Não iremos nos calar.
NOTA DE REPÚDIO
O CETRAB – CENTRO DE TRADIÇÕES AFRO-BRASILEIRA vem a público REPUDIAR, veementemente, mais uma atitude racista e discriminatória do Bispo Marcelo Crivela, então Prefeito da Cidade do Rio de Janeiro, em vetar o projeto de lei que torna Patrimônio Imaterial do Município o Quilombo da Pedra do Sal, na Zona Portuária do Rio.

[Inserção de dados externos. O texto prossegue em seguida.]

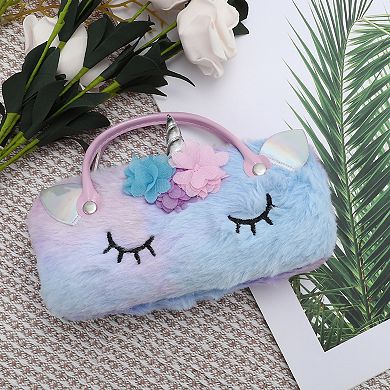 Flower Cartoon Eyeglasses Case 6.69"x3.15"x2.17" Violet 1 Pc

A Pedra do Sal foi residência secular de escravizados, ex-escravizados, negros libertos, negros livres e, agora, de seus descendentes. O local é o centro do patrimônio histórico e cultural negro da zona portuária do Rio de Janeiro e, de acordo com o Antropólogo e Vice-presidente do Comitê Científico Internacional do Projeto Rota de Escravos da UNESCO – Milton Guran, o Quilombo da Pedra do Sal, junto com o Cais do Valongo e o Instituto de Pesquisa e Memória Pretos Novos formam o tripé que fundamentou a candidatura e o tombamento do sítio Arqueológico Cais do Valongo como Patrimônio Mundial pela UNESCO, em 2017. Uma região que marca a presença africana no Rio de Janeiro.

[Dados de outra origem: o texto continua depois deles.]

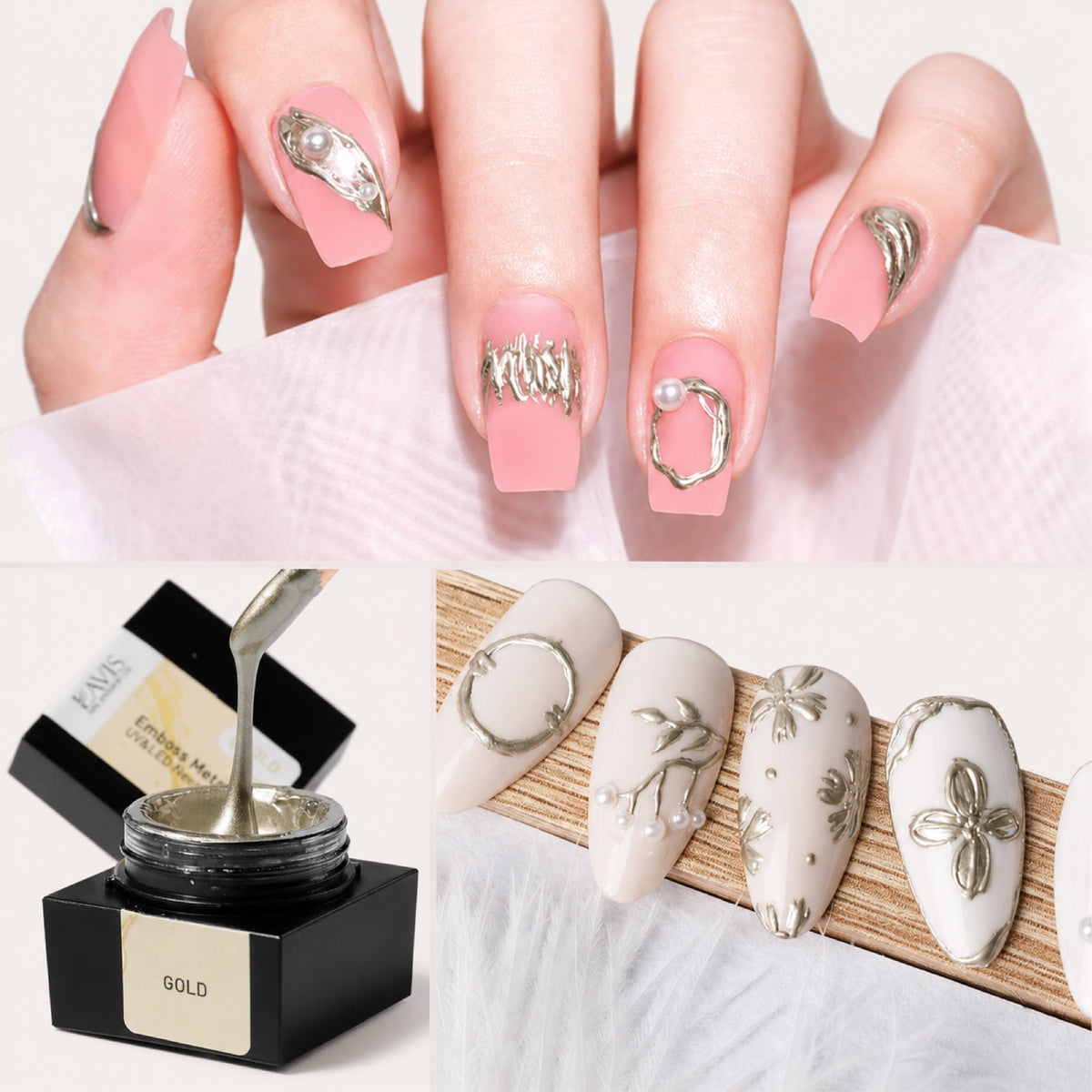 Emboss Gel Polish Nail Art - Gold - 15g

A Pedra do Sal foi tombada oficialmente em 1987 como patrimônio material do estado do Rio de Janeiro. Seu tombamento expressou a valorização da memória negra na cidade e o reconhecimento das tradições culturais e religiosas de matriz africana. Pela primeira vez no Brasil, um local conhecido historicamente como espaço de oferendas aos Orixás foi tombado. A região é fortemente marcada por três elementos. Um deles são as atividades portuárias. O outro, a presença, desde o século 18, de praticantes de tradições culturais e religiões de matriz africana, sendo a Pedra do Sal o local onde surgiram as primeiras Comunidades Tradicionais de Terreiros da cidade. E também pela criação dos primeiros ranchos carnavalescos do Rio. Esses eram frequentados por figuras de expressão nacional do samba, como João da Baiana e Donga. Também ali surgiram o bloco Afoxé Filhos de Gandhi e escolas de sambas tradicionais, como a Império Serrano. Parte da Pedra do Sal, entre o Largo João da Baiana e a Rua São Francisco da Prainha. A história da presença negra no lugar remonta à época em que toda a região era conhecida como Prainha, que era também o nome dado à pedra. Até meados do século 18, o local ainda não tinha sido aterrado. Ficava próximo ao mar e era habitado por pescadores e salineiros. Além de alguns trapiches de sal, a paisagem era composta também por construções imponentes, como o Palácio do Bispo, a Igreja de São Francisco, a Fortaleza da Conceição e a Cadeia de Aljube. Para essa cadeia eram enviados os escravizados que cometessem crimes, bem como os quilombolas. Ali, também era possível ver algumas chácaras pontuando os morros próximos, como o Morro da Conceição e o da Providência. Contudo, a partir de meados do século 18, devido à presença de trapiches (depósitos de mercadorias próximos aos portos) e de casas comerciais, a região passou a interagir mais com a cidade. Ainda assim, continuou sendo relativamente isolada, devido à proteção oferecida pelos morros da Conceição e da Providência. Essa característica levou o Marquês do Lavradio – então Vice-Rei e Capitão Geral de Mar e Terra – a escolher a região do entorno da Pedra do Sal para o crescente comércio de africanos escravizados. É público e notório que as atitudes desse religioso – Bispo Marcelo Crivela, na posição de gestor – Prefeito, cumpre o seu papel de apagar da história e imagem da Cidade do Rio de Janeiro a herança cultural que os Africanos deixaram na formação da identidade cultural de nossa querida Cidade.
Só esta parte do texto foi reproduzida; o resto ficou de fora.